Recently, I returned to my work with the little ones. There is really no better feeling than figuring out the puzzle pieces of a little one and watching magic happen! The great thing about early childhood is that once you solve the puzzle, the magic happens so quickly! If you want to watch your little one’s speech and language development flourish, follow these tips.
Eye contact is key.
Always place your child in a way that they can see your face and your mouth. We have a tendency to place children with their backs propped on us, unless we are feeding. Babies receive lots of social cues and signals from our eyes and focus on our mouth to try to figure out how we do that thing called speaking. For a child 0-5 months, I like to sit with my knees bent and child leaning and propped between my knees and my thighs. For children who are beginning to sit independently, I support the back with the heels of my feet while the child is safely supported by the circle of my legs.
Give choices grow independence.
Babies need choices and this is the first way that children use language. Babies learn to gesture toward the desired object at around 8 months old. From this gesture, they begin to use sounds to indicate their desire, and finally, around 12-14 months, they begin to say the name of the object they actually want. Aid this natural progression by always placing two objects in front of your little one, so that they can reach toward what they want.
Sharing is caring.
Turn-taking is an often-overlooked skill. Children as young as 9 months can begin to learn my turn/your turn. You can do this when doing a puzzle with your child and you each have a chance to place a piece. The same is true for a shape sorter, or even when turning pages in a book. By developing these skills early on, your child will be an expert by the time he reaches the terrible twos!
Even as adults, we have sensory issues, but language develops in the optimal environment, and for some children that means making a mess. Take the time to make play doh and slime with your child, play in bean bins by digging for treasure, and draw pictures in shaving cream on your wall. Doing these multi-sensory (i.e. involving all the senses) activities with your child will activate many more parts of his brain, leading to increased integration (connectedness).

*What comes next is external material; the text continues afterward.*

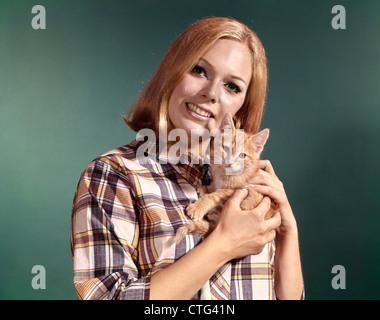 1960 PORTRAIT YOUNG BLONDE WOMAN PORTER Chemise à carreaux MADRAS CHEF HOLDING RED TABBY KITTEN ANIMAL Banque D'Images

Devices are over-rated. Talk to me.
Don’t get me wrong–I love my iPhone, iPad, iMac…–but children still learn best from speaking. The 30 Million Word Project has been revisiting Hart & Risley’s 1975 study, indicating that children from lower-income homes hear 30 million fewer words than their upper-middle-class peers by the time they reach Kindergarten. This research shows a clear connection between the amount and diversity of language a child hears and their future success, all the way through high school. Talk about the things in your environment, respond to your child’s questions, and have real conversations.